I didn't have much idea what it was about but: OMG as she would say, was it right up my avenue, or wot?! A movie about 80's rock music, with soundtrack including loads of my favourite rock songs, including one from Bon Jovi. In hindsight, the poor teenager didn't stand a chance. It was an early showing and fairly empty and other people were singing too.
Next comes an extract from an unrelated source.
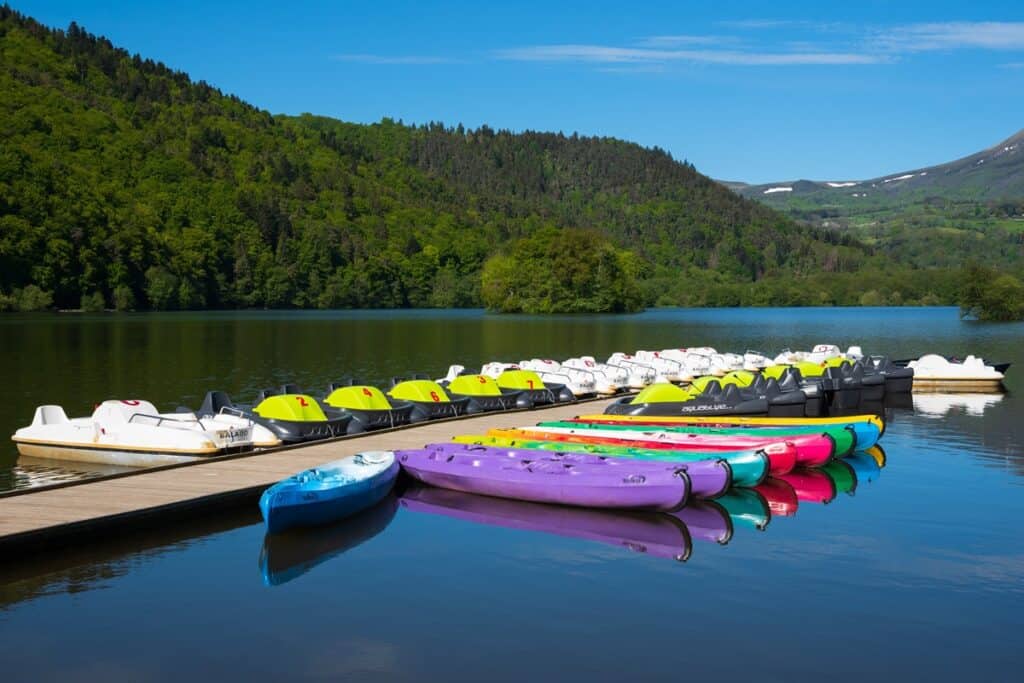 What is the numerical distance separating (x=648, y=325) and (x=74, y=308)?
74467 millimetres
She gave up after about the 18th time of hissing "Mum, stop singing". Last to leave the auditorium - with not another soul in sight - I air punched and hair swang up the aisle to 'Paradise City', while DD1 slid along the wall squealing 'stop it', looking like she might faint. As I reached the door, I abruptly turned my final air punch into a hair smooth as the usher came in with his black plastic sack to collect the rubbish. A tiny cry escaped DD1. Still singing (quietly) walking along the high street I got: "Mum, you look like you're drunk. Please, can you just hold on until we get in the car?"
Earlier in the week, we'd gone to the supermarket to choose dinner without the restraint of our little fussy eater (currently facing snails, and amphibian legs) and I sang, apparently too loudly, 'Just the Two of Us'. Again, reprimanded. I don't set out to embarrass, but as my very existence is enough to mortify if we're spotted by anyone she knows under the age of twenty, a little singing can't make it much worse, surely? Besides, unless I'm very much mistaken, there was a grin in the grimace from the daughter. And when I said goodnight, she gave me an extra hard cuddle as she shook her head in despair.
All of which provides me with the perfect excuse to post gratuitous pics of my number one boys taken at gigs where I can air guitar and head bang amongst like minded people. Ladies, you're welcome.